Já quanto ao QREN, deixe-me sublinhar o publicado no Boletim Informativo nº 14
divulgado recentemente pela Comissão Técnica de Coordenação do programa:
"No período 2007-2011, de acordo com a programação aprovada no inicio pela Comissão Europeia, Portugal podia utilizar 14.468,40 milhões € de fundos comunitários, no entanto utilizou, até 31.12.2011, apenas 8.347,7 milhões € (57,7%), ficando por utilizar 6.120,7 milhões €."

A não utilização atempada dos fundos comunitários resulta principalmente da conjugação dos
seguintes factores:1) Dificuldades que as empresas e outros beneficiários, incluindo o Estado,
têm enfrentado para obter crédito para financiar a componente nacional dos investimentos
apoiados pelo QREN; 2) A recessão económica que tem levado muitas empresas a paralisar os
investimentos e 3) Dificuldades burocráticas criadas pelas entidades oficiais.

Nos programas operacionais regionais, vitais para combater as graves assimetrias (desigualdades) regionais e a elevada desertificação do interior do país, que se têm agravado nos últimos anos e ainda mais com a crise, as taxas de utilização dos fundos comunitários são bastante baixas. Até 31.12.2011,no Programa Regional de Lisboa ( que é o que nos interessa propriamente ) a taxa de utilização é apenas 48,5%
ficando por utilizar 110,45 Milhões de Euros.

É verdade que os fundos comunitários não utilizados poderão ser investidos em anos posteriores, mas também é verdade que a sua não utilização quando já o podiam ter sido, contribuiu para o agravamento da crise (foi capacidade produtiva e emprego que não foi criado), por um lado, e, por outro lado, com atrasos tão grandes perde-se elevado poder de compra (por ex., só no período
2011-2012 os preços deverão subir cerca de 7%), o que determina uma redução significativa, em termos reais, dos fundos comunitários
( um aumento de preços de 7% , determina, relativamente
ao volume de 6.120,7 milhões € de fundos não utilizados, uma perda, em termos reais, correspondente a 400 milhões €).

Serve isto para dizer que apesar de a justificação para orçamentos irrealistas ser esta ferramenta extremamente importante para o desenvolvimento do País, ela não tem sido devidamente aproveitada.

Claro que, apesar das dificuldades de acesso ao crédito, da crise, etc. haverá também um poucochinho de incompetência por aí à mistura com alguma megalomania também, já que se assiste por esse País fora, a obras de duvidosa utilidade, como muito bem refere.

Anónimo disse...

Esqueci aqui as Juntas de Freguesia.

Parece-me que a assinatura de um protocolo de delegação de competências entre a Câmara e as Juntas, com objectivos e tarefas bem definidas e orçamentadas, a exemplo do que sucede em muitos concelhos, seria a medida adequada, desde que devidamente acompanhado e "fiscalizado", e sem que, por simpatia política ou outra, fosse subvertido por mais este ou aquele subsídio.

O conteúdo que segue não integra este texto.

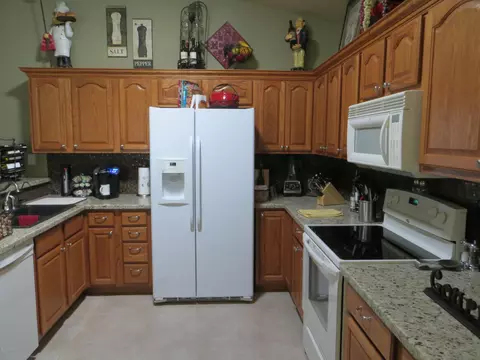 2101 S Meridian Rd #438, Apache Junction, AZ 85120 photo 10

Custa-me ler n'"a Cidade de Tomar" que volta e meia os presidentes de junta andam a mendigar na Câmara.
Com regras claras e para todos, provavelmente as JF's teriam mais autonomia e seriam ainda mais úteis às populações.

Luis Ferreira disse...

Pois foi precisamente isso que o PS propôs: protocolos com as juntas para que o dinheiro real transferido, corresponda a serviço real em prol das populações, dentro das responsabilidades que a Lei permite passar dos Municipios para as Freguesias.

Assim sim faz sentido. A proposta que o PPD fez está mais do que estafada... Alias como quase tudo o que propõem.

jccorreia disse...

Mas onde arranja o sr. Vereador tanta lata ! Entao depois de 6 anos de miserável balda e desvario de um indivíduo chamado Sócrates e seus sócios,camaradas ,cúmplices,(como entender) ainda acha que as medidas que os outros preconizam são disparatadas? Na reforma administrativa,, nos cortes nas transferências para as juntas,etc Mas quem assinou o memorando com a Troika e foi o óbvio e principal negociador ?
Também faz parte das conhecidas e bafientas "viuvas" do homenzinho?